MH-1643 THE GRASCALS『and then there's this...』CD(本体\2,450-)\2,646-

https://youtu.be/0vUkLroo6IA

I Know Better/Road of Life/Sweet Little Mountain Girl/True Hearts/Old Friend of Mine/Warm Wind/If You Want Me To/Delta Queen/I Like Trains/Autumn Glen/A Place To Hang My Hat/Highway of Sorow.

 関西弁で言うなら、「ほなら、これでもどう……」というタイトルのグラスカルズ最新第9作。

昨春にジェイミー・ジョンソンに代わり新メンバー、ジョン・ブライアンが加わってから初めての作品だが、オズボーンブラザーズの聴きやすいモダングラスの系譜をきっちりと踏襲する素晴らしいさわやかテナーボイスですばらしい作品に貢献している。

紅一点のクリスティン・スコット・ ベンソンのシュアーなバンジョー、ソロアルバム『Nighthawk』(CD \2,646-)が好評なダニー・ロバーツのマンドリン、じつに整理されたアダム・ヘインズのフィドル、それらを支える今や大ベテランのテリー・スミスの手堅いベース! 伝統ある鉄壁のナッシュビルブルーグラスの粋だ。

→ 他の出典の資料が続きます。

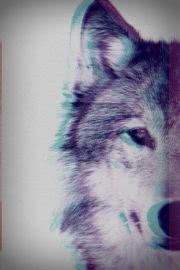 オオカミ（イラスト） | 動物のiPhone壁紙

 2004年、ドリー・バートンの肝煎りで結成された米国ブルーグラスのトップグループのひとつ、ザ・グラスカルズ。

1980?90年代、ナッシュビルのブルーグラス最盛期を支えたザ・サイドメンを中心としたステーションイン人脈の集大成ともいうべき彼ら、ビル・モンローやオズボーンブラザーズ、ジム&ジェシーら、第一世代ブルーグラスの重鎮たちを支えた最後の世代でもある。

そんな彼らの魂は、そのモダンで聴きやすいサウンドとともにテリー・エルドリッジ(53)の歌を中心に今なお健在だ。テリーの歌にはますます陰影濃い田舎の心情が込められており、新メンバー、ジョンとの好対照が聴きどころでもある。

 現在の米国ブルーグラスのトップ人気アーティストといえば、大御所となったデル・マッカーリー・バンドやリッキー・スキャッグスとケンタッキーサンダー、ドイル・ローソンのクイックシルバーなどについで、デイリー&ビンセント、ラッセル・ムーアとサードタイムアウト、ギブソン・ブラザーズ、そしてこのグラスカルズなどの名前が上がる。

そんな中、個人名を冠していないのは……グラスカルズだけだ。

もちろん、ほかに新進気鋭のスティープ・キャニオン・ランブラーズやバルサム・レンジ、ベテランのロンサムリバーバンドらもいるのだが、その名が語る通り、シンガーへの偏りを排するようにバンドサウンドを大切にしてきた彼ら、それでもリードボーカルのひとりジェイミー・ジョンソンが抜けたあとを埋めるジョン・ブライアン、最後12曲目のモンロークラシック“Highway of Sorrow”で見事な存在感を聴かせる。……すばらしい!